*** Information shown Section Begins ***

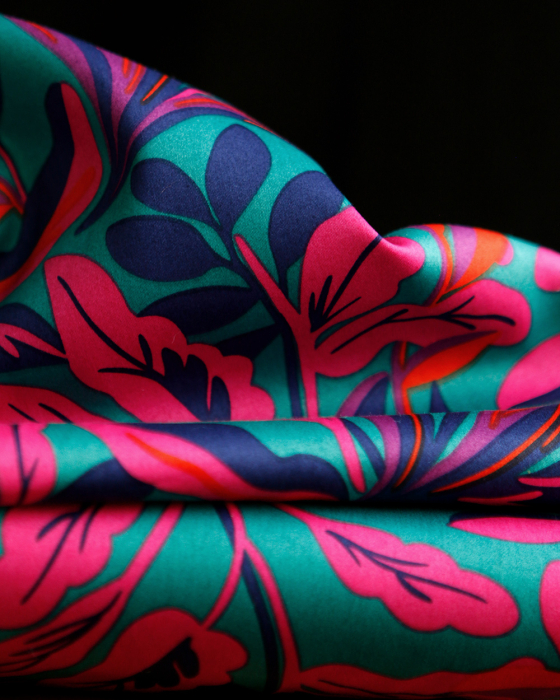Nerida - Coton satiné Nerida Hansen à imprimé fleuri pétrole et fuschia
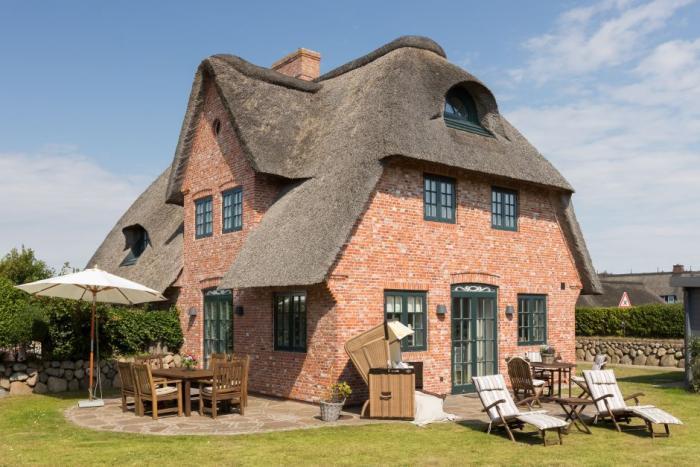 Sylt Reetdachhaus  Homely House in Am Dorfteich 17a, Wenningstedt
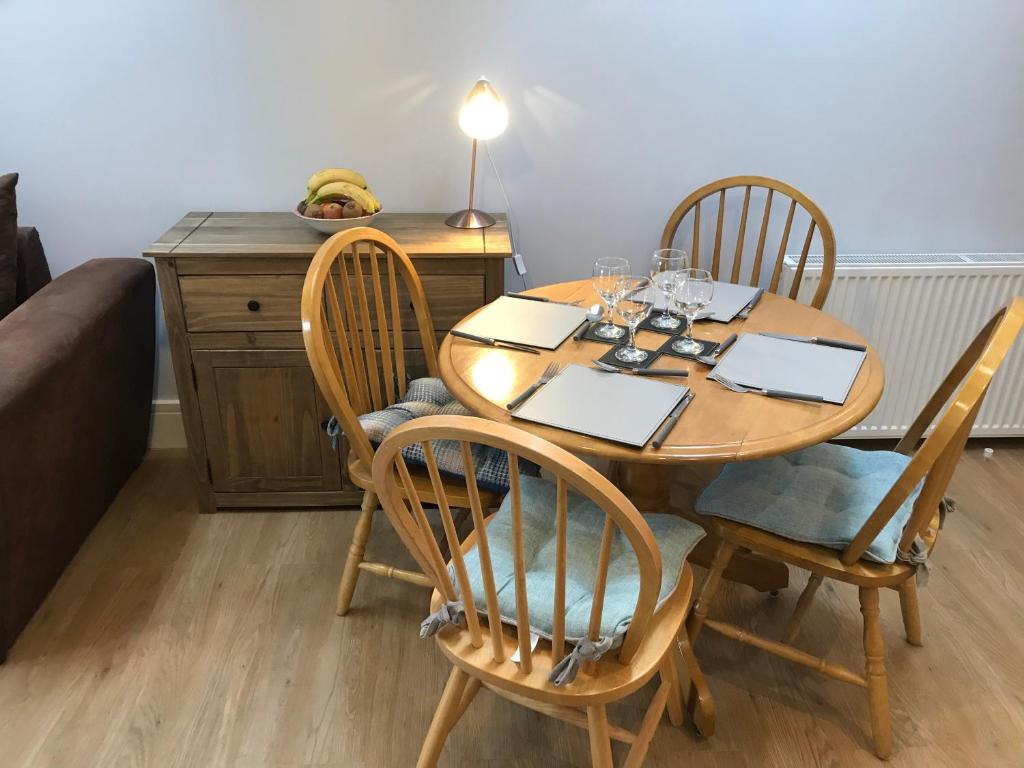 Cozy Lodge with Private Garden and BBQ, Barton upon Humber photo 4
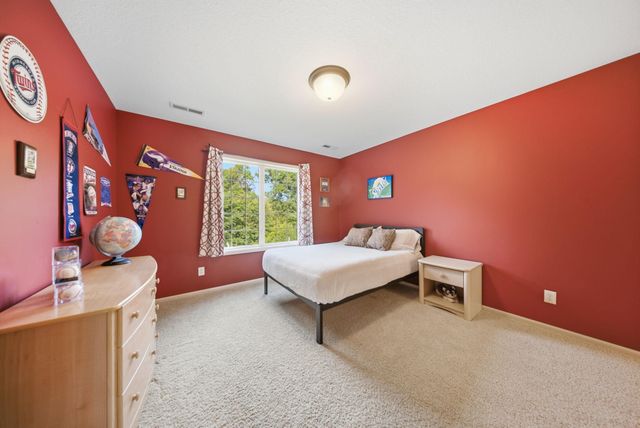 905 Highlander Trail, Hudson, WI 54016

*** Information shown Section Ends ***

### Task objective
The full data, repeated exactly and stripped of its pictures, is the expected answer.

### Answer to the problem
Nerida - Coton satiné Nerida Hansen à imprimé fleuri pétrole et fuschia
 Sylt Reetdachhaus  Homely House in Am Dorfteich 17a, Wenningstedt
 Cozy Lodge with Private Garden and BBQ, Barton upon Humber photo 4
 905 Highlander Trail, Hudson, WI 54016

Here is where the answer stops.